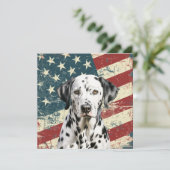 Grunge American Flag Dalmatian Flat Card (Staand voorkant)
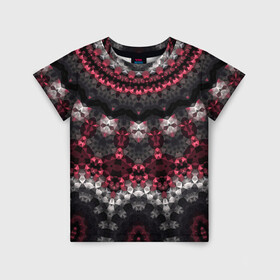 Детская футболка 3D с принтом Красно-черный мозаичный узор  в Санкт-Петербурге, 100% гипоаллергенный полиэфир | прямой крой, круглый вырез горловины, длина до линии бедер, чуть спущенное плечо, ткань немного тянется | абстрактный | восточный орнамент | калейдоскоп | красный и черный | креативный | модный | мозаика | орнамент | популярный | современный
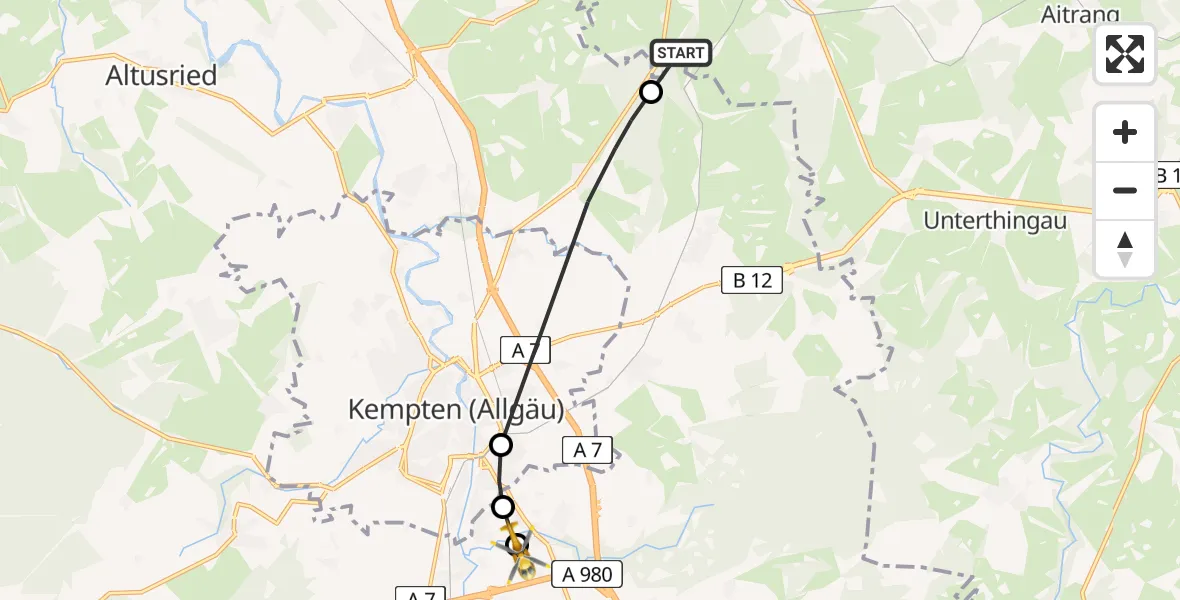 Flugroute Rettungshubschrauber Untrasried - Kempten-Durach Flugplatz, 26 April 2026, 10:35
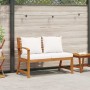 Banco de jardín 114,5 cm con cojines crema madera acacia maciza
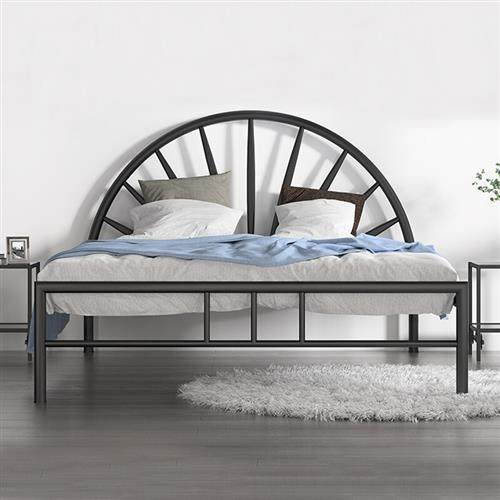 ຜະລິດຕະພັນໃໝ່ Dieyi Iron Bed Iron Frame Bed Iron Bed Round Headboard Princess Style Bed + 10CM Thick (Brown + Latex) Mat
--
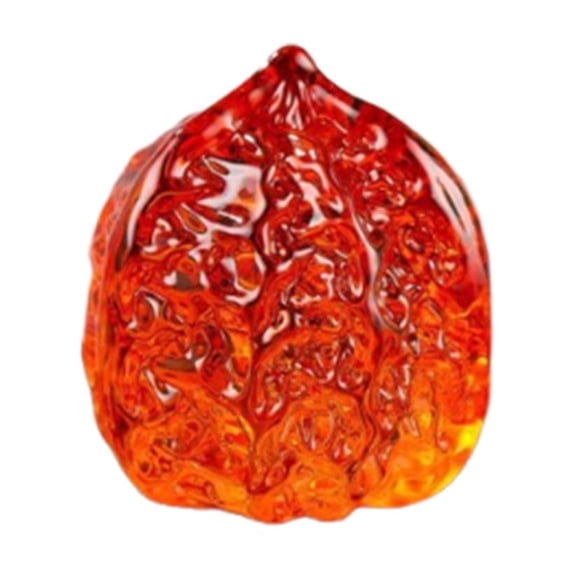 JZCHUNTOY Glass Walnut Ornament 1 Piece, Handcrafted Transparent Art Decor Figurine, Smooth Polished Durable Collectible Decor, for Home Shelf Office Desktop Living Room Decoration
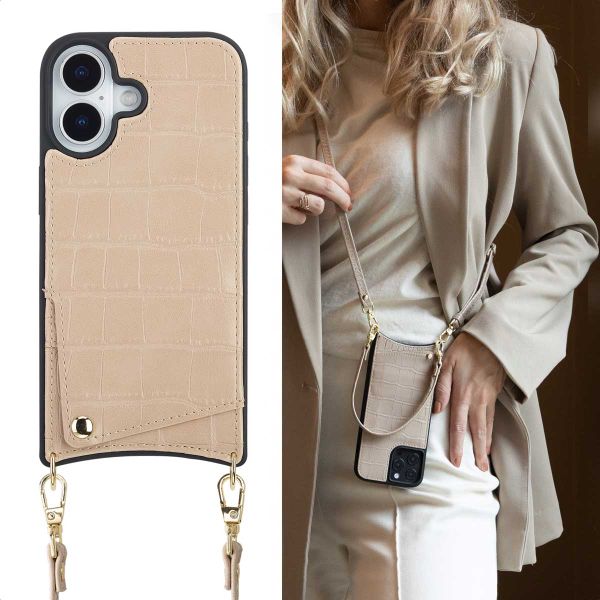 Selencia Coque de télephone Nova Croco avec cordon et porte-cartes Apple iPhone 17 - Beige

### WHAT YOU NEED TO DO
Because only one stretch of the records is wanted, please output the lines from the one holding "JZCHUNTOY Glass Walnut" through the one holding "Selencia Coque de" exactly, both included, and leave every picture out.

### REPLY
 JZCHUNTOY Glass Walnut Ornament 1 Piece, Handcrafted Transparent Art Decor Figurine, Smooth Polished Durable Collectible Decor, for Home Shelf Office Desktop Living Room Decoration
 Selencia Coque de télephone Nova Croco avec cordon et porte-cartes Apple iPhone 17 - Beige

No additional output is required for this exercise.